The Lyonia Preserve is a nature reserve located in Deltona, Florida near the local library. It is joint managed by the state, Volusia County, and the Volusia County School Board. It contains scrublands and the Florida scrub jay, both of which are damaged in the state. The preserve's goal is to maintain the scrublands and the animals on it like the gopher tortoise and the Florida scrub jay.

== History ==
When Congress set up townships in the United States in 1785, section 16 of the township was to be set up for education. When Deltona was developing, a shopping center was proposed in the 1990s where the Lyonia Preserve would be. Volusia County School Board decided that the land would be used for education and environmental preservation, both receiving 240 acre and 360 acre respectively. The preserve was named after the lyonia.

== Conservation ==
Florida scrub jays do not live in suburbia and require open scrubland. While the preserve provides scrubland, the city is reluctant to do controlled burns due to its proximity to city hall and Daytona State College's Deltona campus, lowering the quality of habitat for scrub jays. The county does cut down trees to recreate natural processes; however, it does not fully mimic fire. While the trees are being cut down, trails remain open.
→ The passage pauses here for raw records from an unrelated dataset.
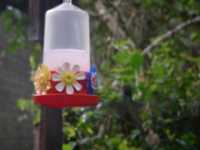 Voir l'image Bra09090-iguacu_oiseau----GM--IMGP1399.JPG : 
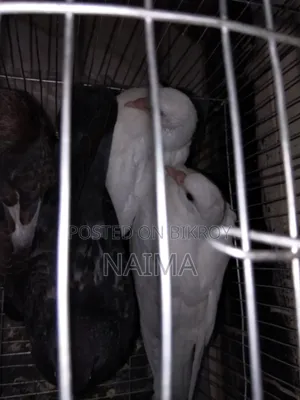 Two pairs of baby pigeons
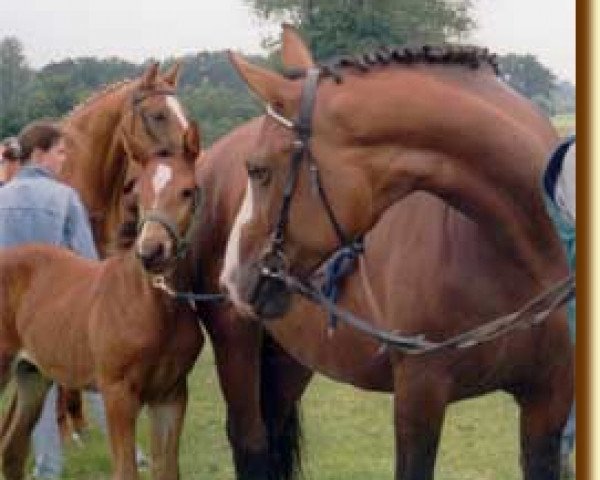 broodmare Walida (Westphalian, 1986, from Weinberg)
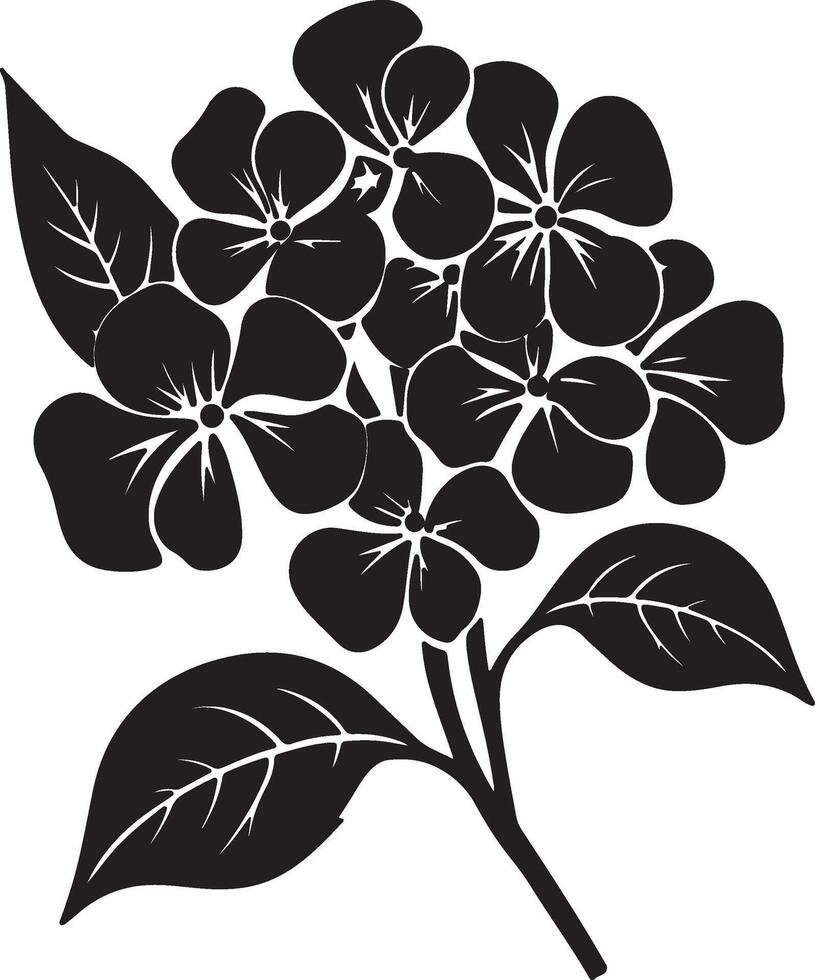 Hydrangea Flower Silhouette Vector Illustration White Background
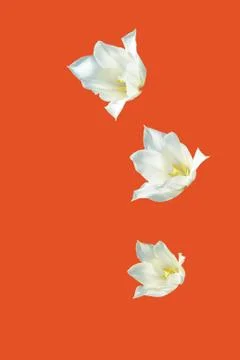 Flowers Stock Photos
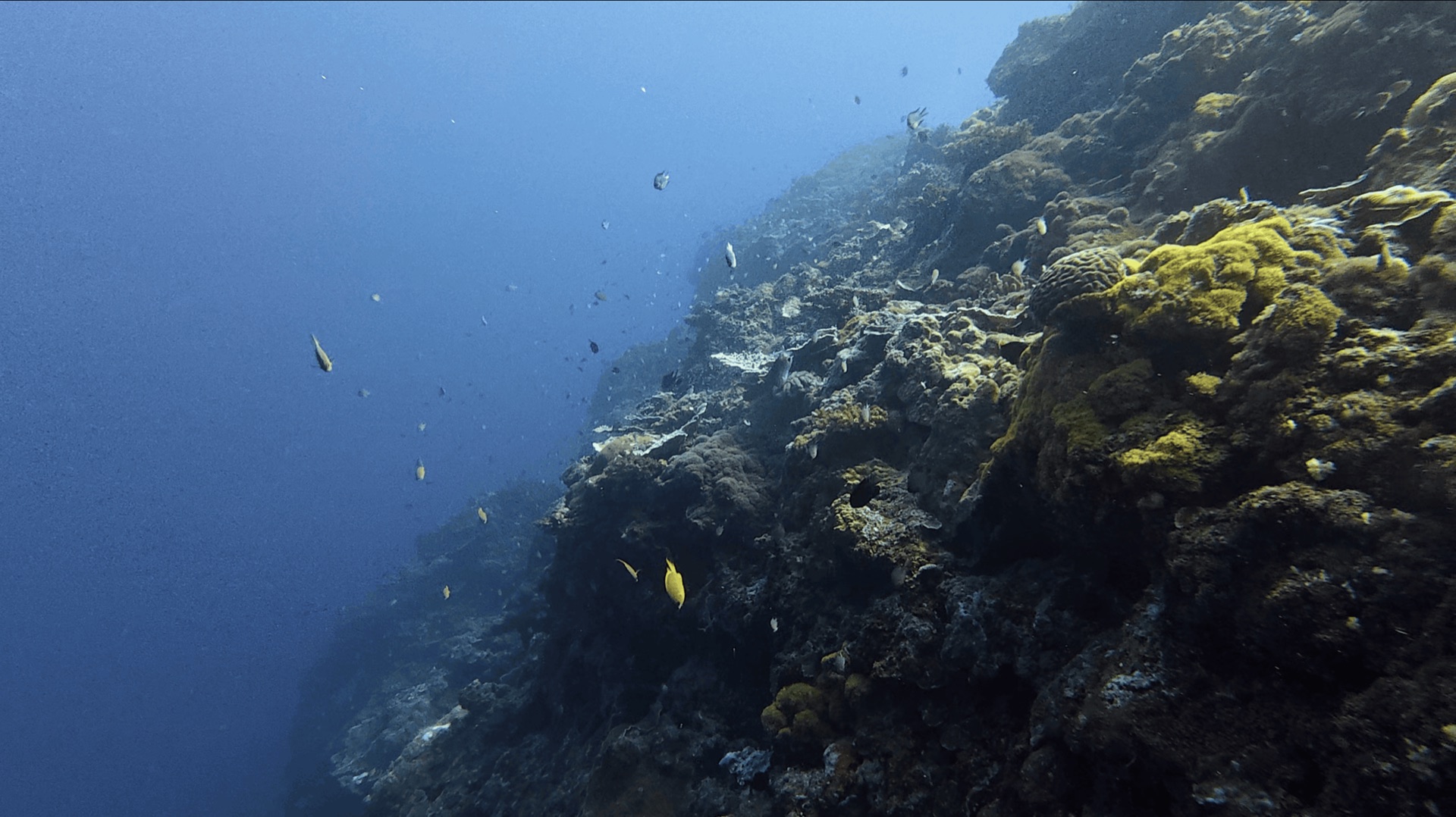 The reef wall with small fish at Chapel, Apo Island, Philippines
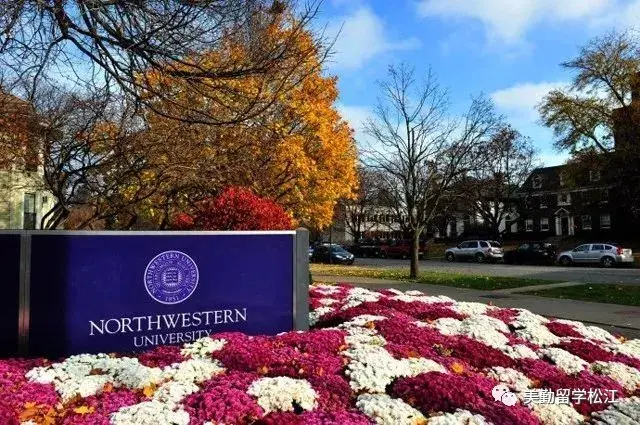 邹玉珂同学录取美国西北大学传媒硕士!祝贺美勤!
Each year, a group from Audubon Florida does a yearly count of the scrub jays at the preserve.

== Lyonia Environmental Center ==
The Lyonia Environmental Center is a museum and activity center to provide environmental information for the protected scrublands.

== Trails ==
The preserve has three trails. Their lengths are: 0.4 mi, 1.2 mi, 2.4 mi. The trails are made of sand and lack shade.